Однако никто у нас, в счастливой семье Краснеров, заканчивать «эту херню» не собирался.
Прошла ещё неделя. В течение которой я не выходил из дому. Днём дописывал книгу о философии и утолял Иринину жажду к свободе, а вечером принимал пациентов, после чего — на какое-то время — возвращал к жизни угасшую Любину надежду на счастье, утопая вместе с ней — на то же время — в тягучих восточных мелодиях из Гениной фонотеки и в волшебных образах из арабских сказок. Образах, увлажнённых вязким массажным маслом, которое, рискуя работой, Люба тащила из номера люкс в отеле.
Жена моя из прежней — и, как казалось тогда, давней — жизни вела себя мирно, поскольку именно она и посвятила меня когда-то в терапевтические тайны оптимизма и присутствия духа.
С Геной было сложнее.
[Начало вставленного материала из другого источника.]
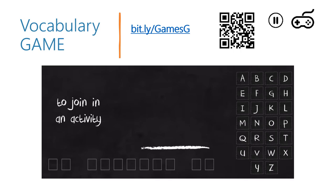And of course, since this is about games, there is a game to play, and this game includes the same vocabulary. It is Hangman and you can find it when you type in the link bit.ly/games-g or scan the QR code. Please pause the lesson and play this Hangman game.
Как-то вечером, когда мы, Краснеры, обедали с новыми пациентами и с нашими индусами, в квартиру, бешеный от водки и ревности, ввалился Гена с Любиной подругой, которую он представил гостям как диссидентку и жену. Вёл себя буйно, но Люба уверила всех, что я его вылечу: это, мол, только первый визит.
Я вывел Гену на кухню и напомнил, что до получения справки о сдаче английского экзамена ему благоразумнее держаться в рамках, то есть подальше от моего — точнее, своего — дома, а иначе не видать тебе, дескать, местной лицензии.
К изумлению гостей, Гена угомонился — вернулся к столу и стал молча пить водку, которую Любина подруга подливала ему в стакан так же настойчиво, как мне — Люба. При этом, под общий смех, диссидентка расспрашивала присутствовавших женщин, включая Любу, о любовных пристрастиях присутствовавших мужей, включая меня, — и, под собственный смех, рассказывала о Гениных. Когда водка в бутылке вышла, Гена вдруг грязно выругался в адрес всех штатов Америки и стукнул кулаком по пустой тарелке. Тарелка разлетелась на осколки, а из кулака хлынула кровь. Протянув салфетку, я велел Гене покинуть помещение. Он расплакался и удалился, но в эту ночь никому в семье Краснеров не спалось.
Утром я уехал на весь день в издательство, а по дороге домой решил обговорить с Любой и Ириной варианты благопристойного выхода из «этой херни»: каждому из нас настало, мол, время отступить в свою жизнь…
Войдя в подъезд, я стискивал голову в ладонях, не позволяя уму отвлечься в сторону от отшлифованных фраз прощального монолога. Хотя я понимал, что выходить из сложившейся ситуации — как, впрочем, из любой иной — следует в шутливой манере, практикуемой людьми с целью дезинфекции нелестных истин, меня одолевала непостижимая грусть прощания с блудным существованием, прощания блудного самца с блудными самками, от которых его отрывают именно тогда, когда неистовство плоти становится условием причащения к непредвиденному знанию о человеке. Грусть эта казалась мне тем более глубокой, чем лучше сознавал я, что прощаться предстояло прежде всего с самим собой: очередное отступление в жизнь означало возвращение в мир, оскорбляющий именно своею реальностью.
Выйдя из лифта и подступив уже к двери с табличкой «Геннадий Краснер», я поэтому так и не знал — что же именно придётся сказать на прощание чужой женщине по имени Люба и её дочери по имени Ирина. Быть может, изреку что-нибудь столь же печальное, сколь печальным я себе раньше казался. В исступлении страсти, скажу, больше справедливости, чем в правилах жизни; ведь живём же все мы, люди, по этим правилам — и вот нам, увы, не живётся; каждый ведь день пробуем, но нет, не живётся…
Или, наоборот, скажу что-нибудь лёгкое, как лёгким — легче, чем мир — я себе казался сейчас. У нас была любовь, скажу я, и именно любовь, ибо любовь, как заметил весёлый поэт, — это не тоскливый стон скрипок, а визг матрасных пружин. Или скажу что-нибудь такое, что будет непонятно мне самому, а потому позволит не только объяснить происшедшее, но и сохранить к нему интерес. Например, — что: единственный способ выявить пределы возможного — это выйти из него в область невозможного.